The Tokugawa shogunate or the Edo bakufu was the last Japanese samurai government characterized with the authoritarian model of politics. The shogunate was headed by the shoguns who belonged to the Tokugawa family. The center of the country was in Edo (the old name of Tokyo). The Edo bakufu existed for more than two centuries (1603-1867); therefore, its influence on the history of Japan was enormous. When we look at the entire history of samurai, we will notice that the Tokugawa shogunate was the most powerful and effective government due to its logical and well-organized internal structure.
How did the shogunate occur? It is possible to say that the first shogun Tokugawa Ieyasu captured the power in Japan after the Battle of Sekigahara in 1600. He possessed quite a serious army and could keep other samurais under his control. Hereupon, Tokugawa Ieyasu obtained the title of shogun from the Emperor and became an informal leader of the whole country. When he gained his title, he founded his shogunate in Edo and became the head of all samurais of Japan.

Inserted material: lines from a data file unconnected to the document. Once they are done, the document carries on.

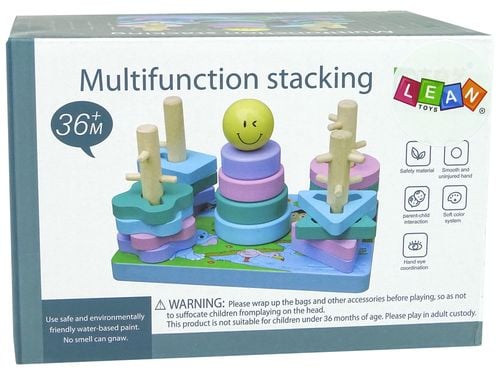 DLA DZIECI DREWNIANE KLOCKI na Arena.pl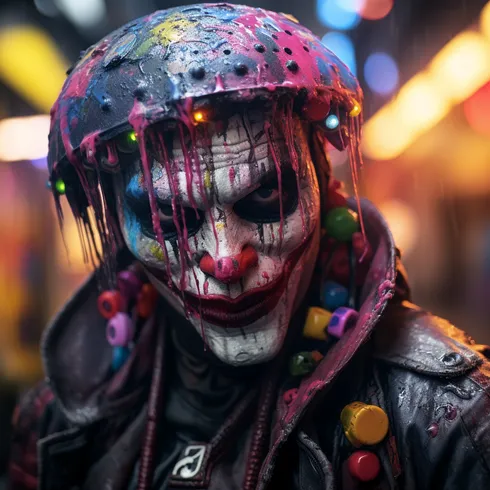 Profile picture of collection Cyberpunk Clown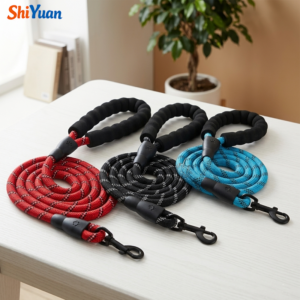 SHIYUAN Reflective Nylon Rope Dog Leash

Tokugawa Ieyasu developed a new system of rights and duties between the central government in Edo and provincial leaders in their hans or domains ruled by daimyo. In 1615, Tokugawa Ieyasu ordered all daimyos to provide him with the detailed reports about their local economy, infrastructure and army. Furthermore, they provided their shogun with the detailed maps of their domains. Thus, one can say that Japan received its first high-quality and practical maps during the rule of Tokugawa Ieyasu. The shogunate generated very strict laws, which limited the power of daimyos. They became dependent on the central government. Daimyos had the right to possess only one castle in their domains. In addition, they could not improve the defense of their castles and were not permitted to establish political alliances with their neighbors without the permission of the shogun. Tokugawa Ieyasu divided daimyos into three categories according to their importance and status. The first group was represented by the daimyos who belonged to the Tokugawa clan. The hereditary vassals of Ieyasu represented the second group. The third class of daimyos was called ‘outsiders’. They were the daimyos who became vassals after the Battle of Sekigahara. Tokugawa Ieyasu made the title of shogun hereditary. He made his son Hidetata the second shogun though he was still alive and ruled the country shadily.
Shoguns managed to keep their vassals under the strict control with the help of numerous methods. The most important one is associated with the exhaustion of the economy of every domain. Every two years every daimyo had to go to Edo and spend a year at the palace of the shogun. This practice of alternate attendance was harmful for the economy of every domain inasmuch as they had to waste much money on the support of their leader in Edo. Thus, the local vassals did not have enough resources to make a powerful army that could organize a rebellion. Then, it is curious that the domains of the first two categories of daimyos located as close to the center of the country as possible. The ‘outsiders’ lived on the periphery of the country, especially in the western part of Japan. This decision is reasonable forasmuch these close relatives and hereditary vassals received privileges while the ‘outsiders’ lived too far to cause any impact on the life of the country.
Although Japan was ruled by the Emperor, the informal power belonged to the shogunate. This institution began to interfere with the life of the court in order to impose its own ideas concerning the policy of the country. For that reason, the majority of the laws and official orders were generated by the shoguns. They could manipulate the Emperor easily making him just a symbol of Japan. He did not have any solid powers.
The shogunate conducted the controversial and disputable policy of isolationism. The shoguns were afraid of the influence of Western Civilization into the life and culture of Japan. They prevented the development of trade and international relations in order to preserve the authentic and uncommon culture and lifestyle of Japan. As a result, the culture of Japan remained in its genuine and native condition by the 19th century. Only after the collapse of the shogunate and restoration of the Emperor’s power in 1867, the country officially entered the international political and economic arena.